* **ASSIGNED TASK**:
Return each line of the data below exactly, omitting any pictures.

START COLLECTED DATA

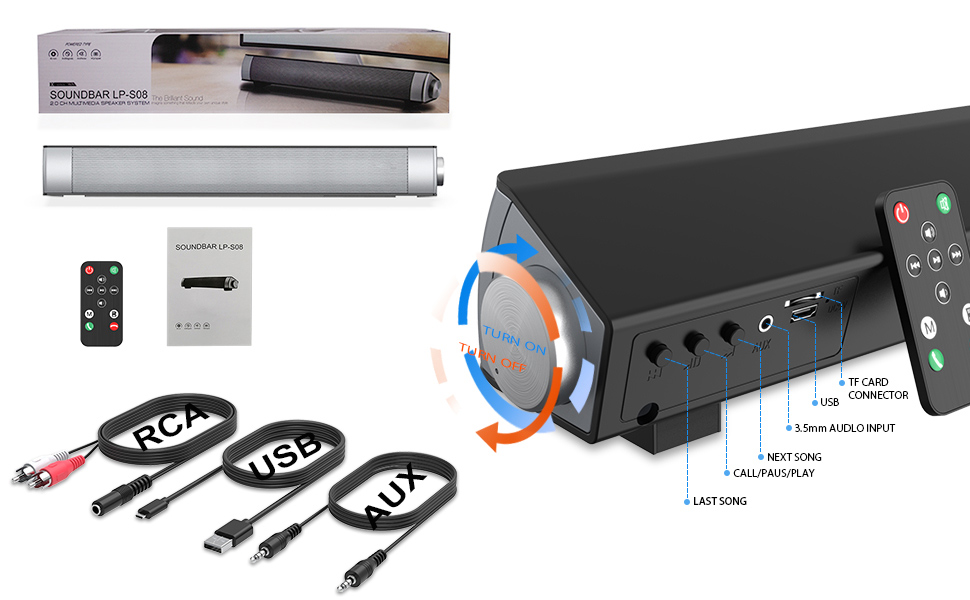 VersionTech PC Soundbar,Wired & Wireless Bluetooth BT Computer Speakers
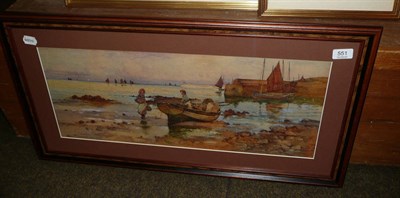 Lot 551 - J Hughes Clayton, framed watercolour seascape with figures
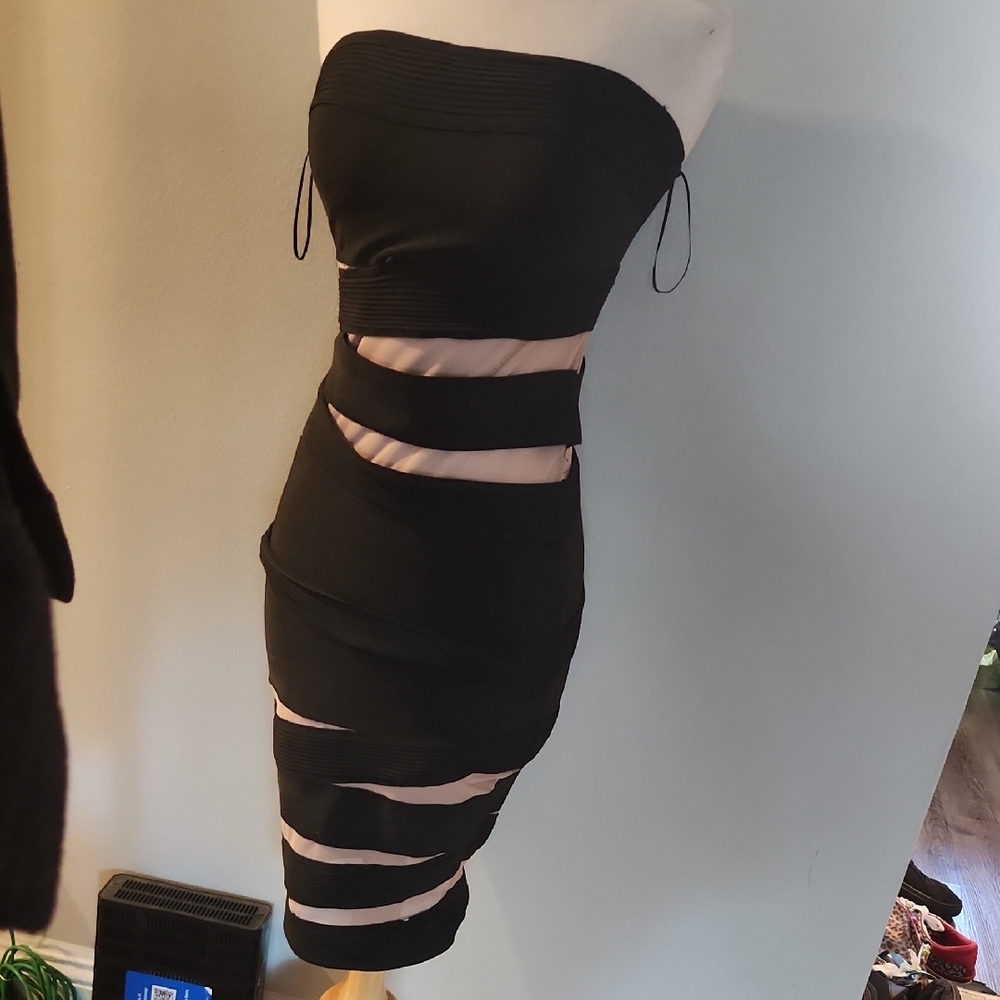 Elegant Black and MeshStrapless Dress
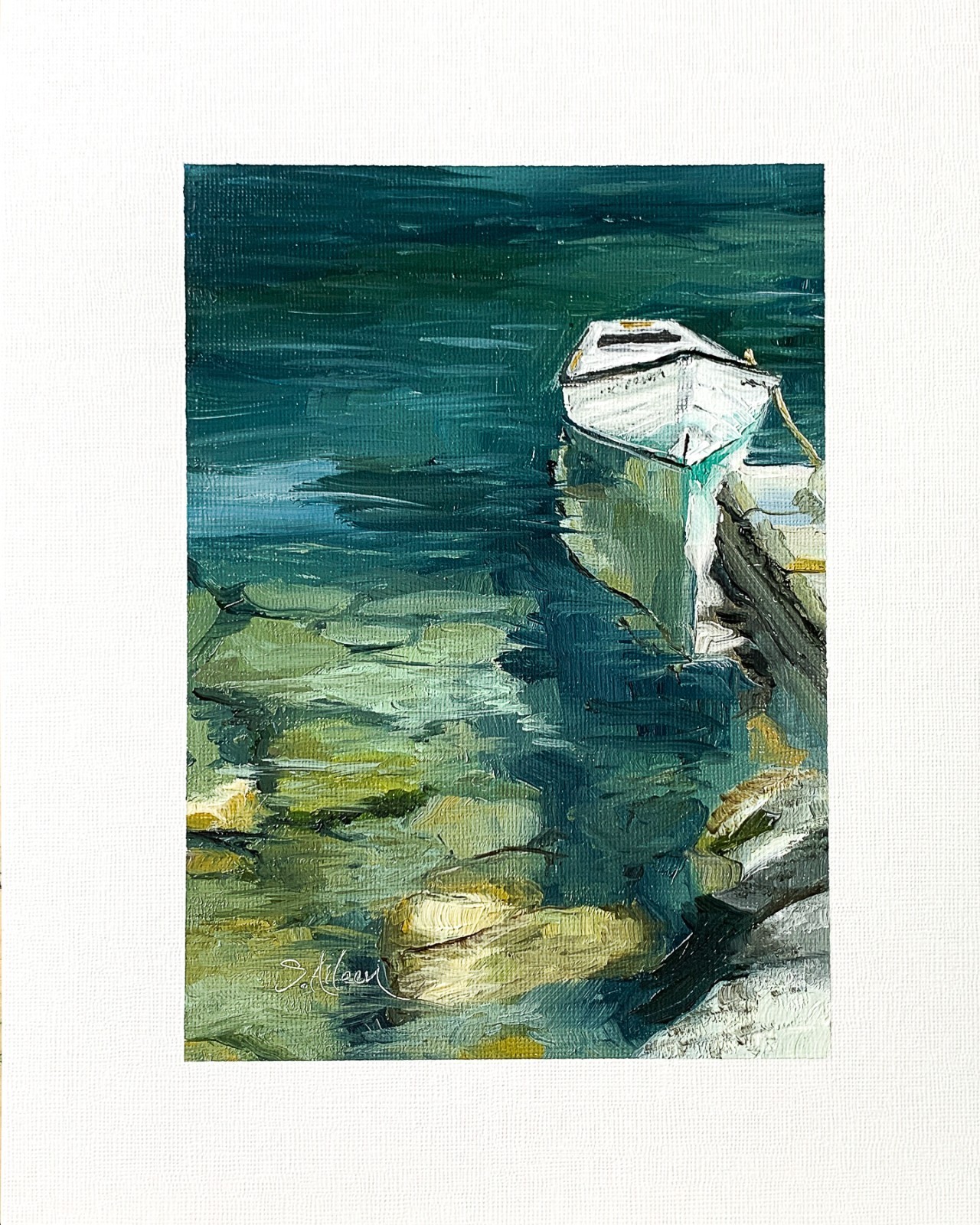 8×10 Original Oil Painting Nautical Harbor Rowboat Clear Water Rocks Art Signed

END COLLECTED DATA

* **EXPECTED OUTPUT**:
 VersionTech PC Soundbar,Wired & Wireless Bluetooth BT Computer Speakers
 Lot 551 - J Hughes Clayton, framed watercolour seascape with figures
 Elegant Black and MeshStrapless Dress
 8×10 Original Oil Painting Nautical Harbor Rowboat Clear Water Rocks Art Signed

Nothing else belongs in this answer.